Some health insurance plans may cover procedures abroad
If you want to figure out if going abroad will save you money, apply the $6,000 rule, says Patients Beyond Borders World Edition. If the total cost of your treatment (office visits, procedure and hospital stay) would be at least $6,000 more in the U.S., go outside the country. If the difference is less than $6,000, stay home.
Your health insurance plan may cover some or all of your procedure abroad. And it’s not like you’re doing anything sneaky. "Self-funded employers send employees overseas for medical procedures and treatments all the time," says Joseph Harkins of the Medical Tourism Association in Palm Beach Gardens, Florida.
It's cost-effective for them as well, Redford says.
HSM Solutions, a manufacturing company based in Hickory, North Carolina, has been sending employee patients abroad for about eight years, says its director of benefits, Tim Isenhower. Employees not only get their medical care abroad for free but also a bonus that equals 20 percent of what the company saved by not paying for the procedure in the U.S. Isenhower says the company started the program because of the high cost of health care in the U.S. "and the poor-quality care in the remote areas where HSM operates."
Several hundred employees have taken advantage of the program, Isenhower says. " We typically have a patient or two [abroad] at any given time. We have had as many as 10 patients within a two-week period." Employees have gone abroad for orthopedic care (inpatient and outpatient), gastric procedures, neurologic procedures and general surgery.
Doing your homework
While money is the biggest motivator for medical tourism, safety is the main concern.
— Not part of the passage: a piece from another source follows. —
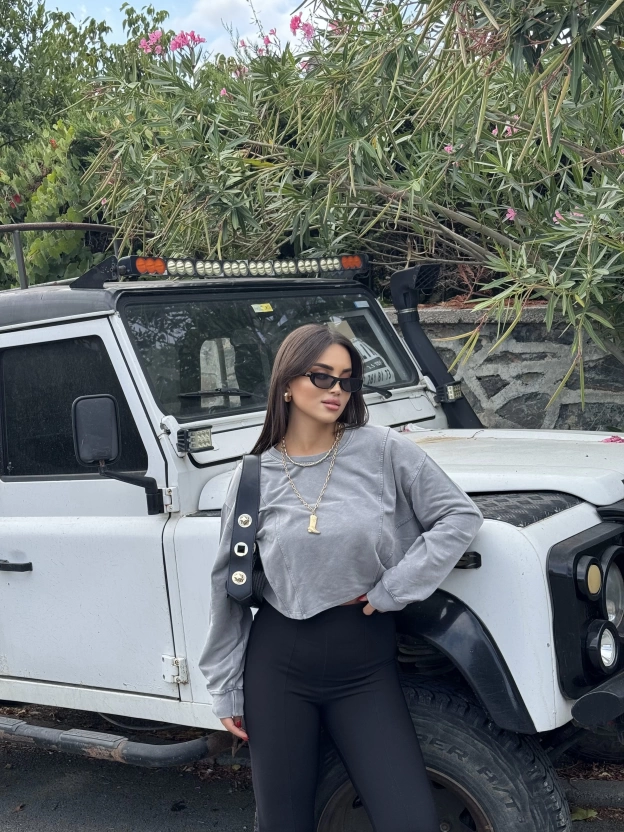Antrasit Modal Oversize Yıkamalı Sweatshırt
Redford says that if you do your homework before going abroad, you should be fine. That homework should include:
- Choosing a hospital and/or provider that is accredited by an organization such as the Joint Commission International or the International Society for Quality in Health Care.
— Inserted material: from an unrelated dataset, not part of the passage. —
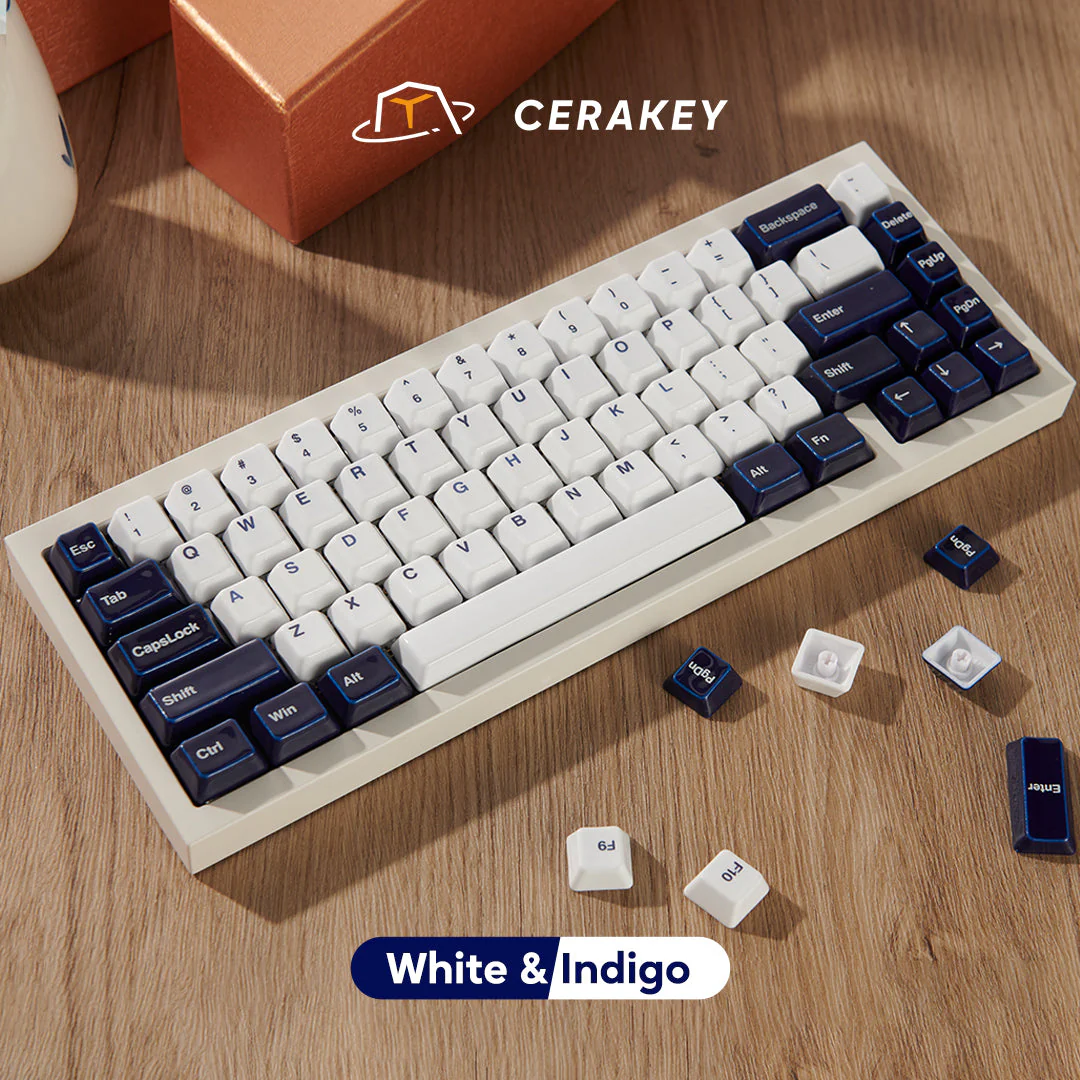 Keycap sứ Cerakey V2 - Indigo&White Glossy Full set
- Checking infection rates at the hospital or facility you're considering. Look for a rate below 3 percent for catheter-associated, bloodstream and surgical-site infections, Redford says. You should be able to find this information online or by contacting the facility. "Ask for its quality and safety data," Redford says. 'How many people have had this procedure at your facility and what's your complication rate for it?’"
- Choosing a facility that's associated with a "brand-name" U.S. hospital. Some U.S. health systems such as Johns Hopkins, the University of Pennsylvania and Cleveland Clinic have relationships with hospitals overseas. Their foreign counterparts have the same safety standards as their U.S. facilities, Redford says.
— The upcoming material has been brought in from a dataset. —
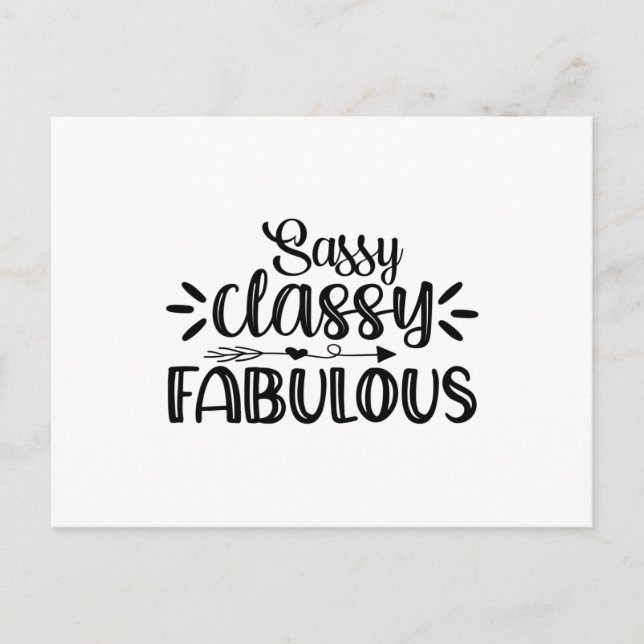 Sassy Klasse fabelhaft Postkarte (Vorderseite)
- Talking to your local doctor before you go. "You want to make sure your local doctor is aware that you're going to Singapore for treatment because he may do the follow-up care when you return," Redford says. Your health insurance should cover the follow-up, she says. "What's covered will depend on your insurance company but [the insurance pays out] as if you are under the care of your regular physician once you are back home."
- Taking a companion. A disadvantage to traveling abroad for medical care is that you are on your own. "You don't have a support system you would at home," Redford says. Traveling with a family member or companion can offset that disadvantage.
Use your common sense, too, Redford says. Plan your travel back from your procedure for when it's safe for you to fly. You might not want to board a plane too soon after surgery.